To begin our trace, go to Tool > SQL Server Profilers in SSMS.

image

Flip the Server type to Analysis Services and set the Server name to your SSAS instance that is home to the SSAS database your report is pointed at.

image

Next you’ll see the Trace Properties window. Go to the Events Selection tab, and check the check box near the bottom right of the window to Show all events. Scroll down a little more than half way and find the events “Get Data From Aggregation” and “Query Subcube Verbose.” The “Get Data From Aggregation” event is fire when an aggregation is used to satisfy a query. This event is also especially helpful when trying to determine if the aggregations you have designed are actually useful. The “Query Subcube Verbose” event will give you very detailed information on which members from which dimension attributes are being queried to satisfy the query. Click Run when you’re done.

image

Now that the trace is running, its time to conduct our test.

1. The first thing I’ll do is execute the Clear Cache command.

 

<ClearCache xmlns=”http://schemas.microsoft.com/analysisservices/2003/engine>
     <Object>
          <DatabaseID>AdventureWorksDW2012MutliDimensional-EE</DatabaseID>
          <CubeID>Adventure Works</CubeID>
     </Object>
</ClearCache>

 

2. Initialize the Calculation script in your cube.

 

Select {} on 0 
From [Adventure Works]
3. Execute the report/query.

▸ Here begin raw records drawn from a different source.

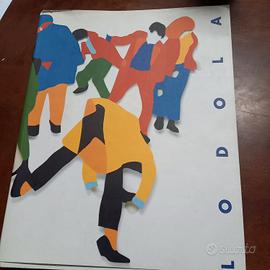 lodola   anno 2001 volume raro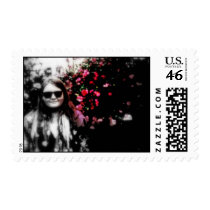 In the Garden of Annie Postage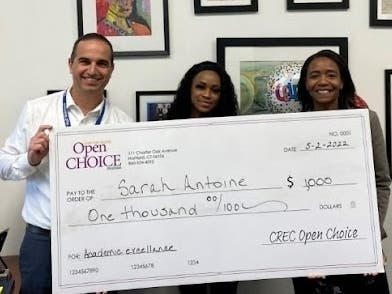 Hartford Open Choice Students Earn Scholarships | West Hartford, CT Patch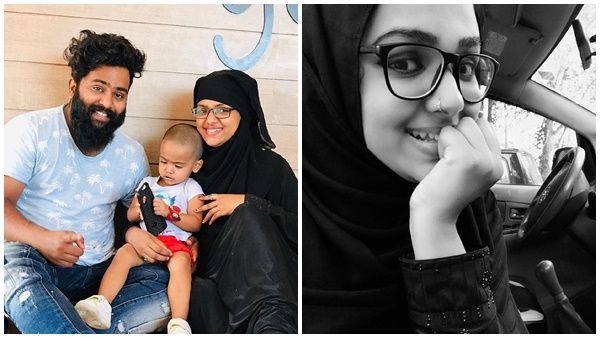 പർദ്ദയിൽ സുന്ദരിയായി ലക്ഷ്മി പ്രമോദ്! ഭർത്താവ് അസറിനും മകൾക്കുമൊപ്പം ഈദ് ആശംസിച്ച് താരം...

In my case, my report is an Excel pivot table, so I’ll simply click the refresh button in Excel to execute my query.

The report may take a few seconds or minutes to run depending on the query, but it should probably take longer than you’re used to simply because the query is running against an empty cache and SSAS will have to retrieve all of the data from storage.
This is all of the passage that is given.